The ‘right to be forgotten’ will turn into as big a shambles as the change in rules over cookies.

The UK ICO will continue to exercise its powers to fine, and a blue-chip company will get the biggest fine to date. Human error is still the key cause of data breaches, so woe betide any organisation that fails to put in place training and systems to cut out administrative mistakes.

Siri will spark a number of copycat systems on other platforms.

This time next year I will have become addicted to a new iPad/iPhone app that doesn’t even exist yet. How did I ever live without it? 
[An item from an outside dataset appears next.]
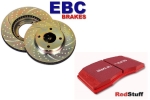 EBC Turbo Groove Disc + Redstuff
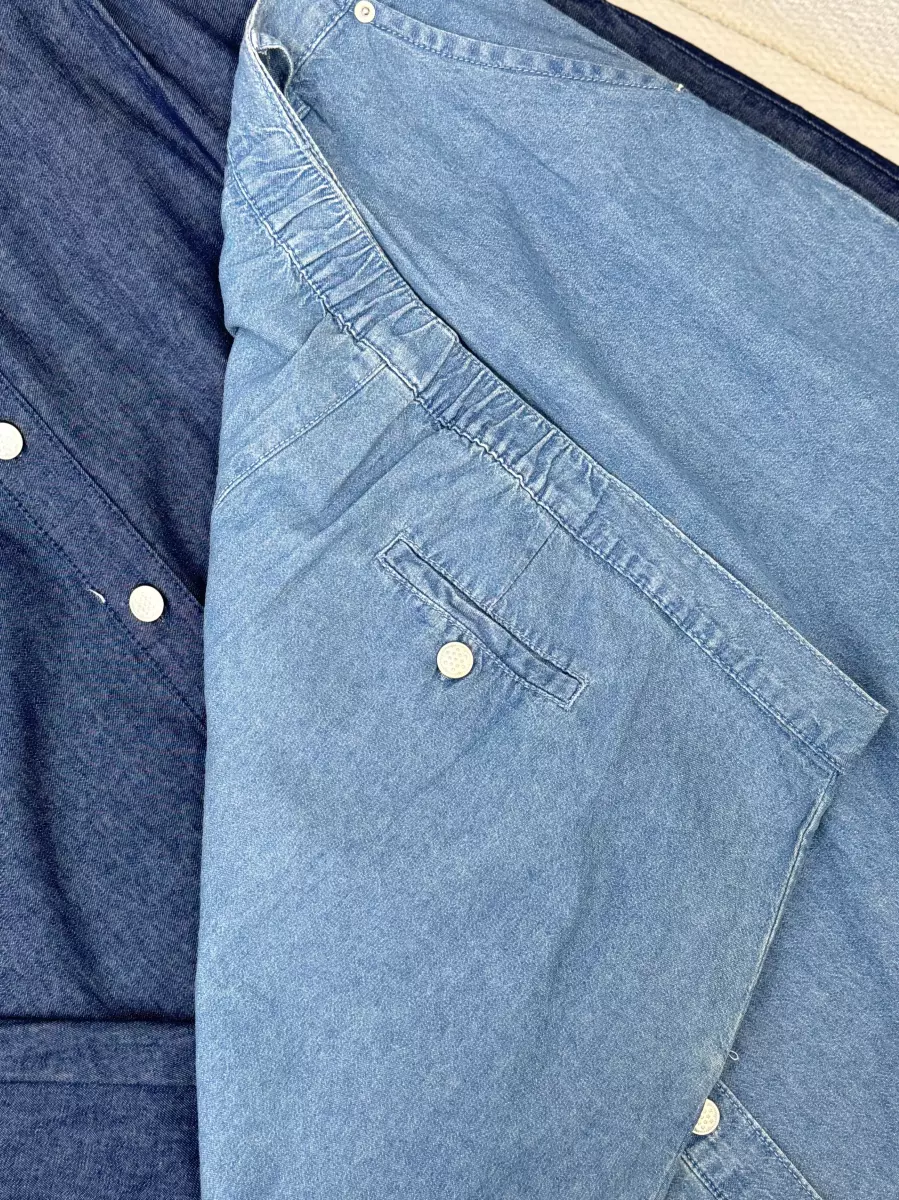 دامن جین جلو دکمه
From Shelley Thomas, Partner, Hill Dickinson LLP

I think 2012 will see the imposition of much higher monetary penalties on those breaching the Data Protection Act by the Information Commissioner, with a focus on both the public and private sector; given the dominance of the public sector in the monetary penalty notices issued to date, one cannot help but suspect that a significant private sector monetary penalty may be on the horizon. There will be flurries of press activity in January (assuming that the long awaited release from the Commission on the future of data protection law arrives as promised) and in May, to mark the 1st anniversary of the revised Privacy and Electronic Communications Regulations (and the date that the ICO will start to fully enforce the requirements). Whether the latter leads to a greater clarity and understanding of the requirements of the PECR (and consequently greater compliance) remains to be seen.

Turning to the use of IT by the profession, one would not bet against the increasing proliferation of mobile devices of all shapes and forms (with the associated risks of loss!), but there will be a shift towards tablets and devices whose focus is on more than merely picking up e-mails. With the advent of the Legal Services Act, the ban on the payment of referral fees, and the continuing economic uncertainty, the profession will be looking at increasingly creative ways to use the technology available to it (and specifically the Internet) to drive business and maximise profits. The days of law firms only having brochure web sites may be over. 

From Toby Headdon, Senior Associate at Berwin Leighton Paisner 

In 2012, the ongoing tussle between intermediaries and rights owners about responsibility for policing unlawful online activity is certain to continue. The blocking injunction granted against BT in Newzbin2 was a relatively easy decision, as was the decision that the filtering injunction granted against an ISP in Scarlet v SABAM was contrary to EU law. What both camps need to work out is (1) where the balance lies between these two extremes, which is likely to result in more litigation, and (2) who has to foot the bill for implementing these injunctions, a door which was wisely left ajar in Newzbin2. Such developments may also give rise to something of a ‘technological arms race’ between developers of blocking and filtering technology – which is seldom, if ever, bulletproof – and those who wish to work around it. If they are to have any efficacy, blocking and filtering technologies will need to evolve and adapt rapidly. ISPs will also need to keep one eye on the much maligned Digital Economy Act which is due to be reviewed by the Court of Appeal – if it ever limps over the finishing line, it may yet also have a say on some of these issues.  

David Lewis, Associate, Field Fisher Waterhouse

Cloud services in the consumer space will become even more commonplace in 2012, as the quest to simplify user experience and reduce local storage continues. This will push data security further into the limelight, as more users entrust not just their personal information, but also their music, film, documents and other data to distantly located servers.

Google Music will seek to conclude its record label negotiations and attack iTunes’ market share, with an ex-US launch.

And whilst Steve Jobs will not be physically amongst us in 2012, his legacy of driving a focus on sleeker UX and selective content curation will be ubiquitous: Windows 8 will see Microsoft embracing touch computing in an unprecedented way, doing away with the iconic ‘Start’ menu and championing an online store for Metro-based apps.

And in the UK, YouView will bring the Internet and apps into the living rooms of even the staunchest luddites.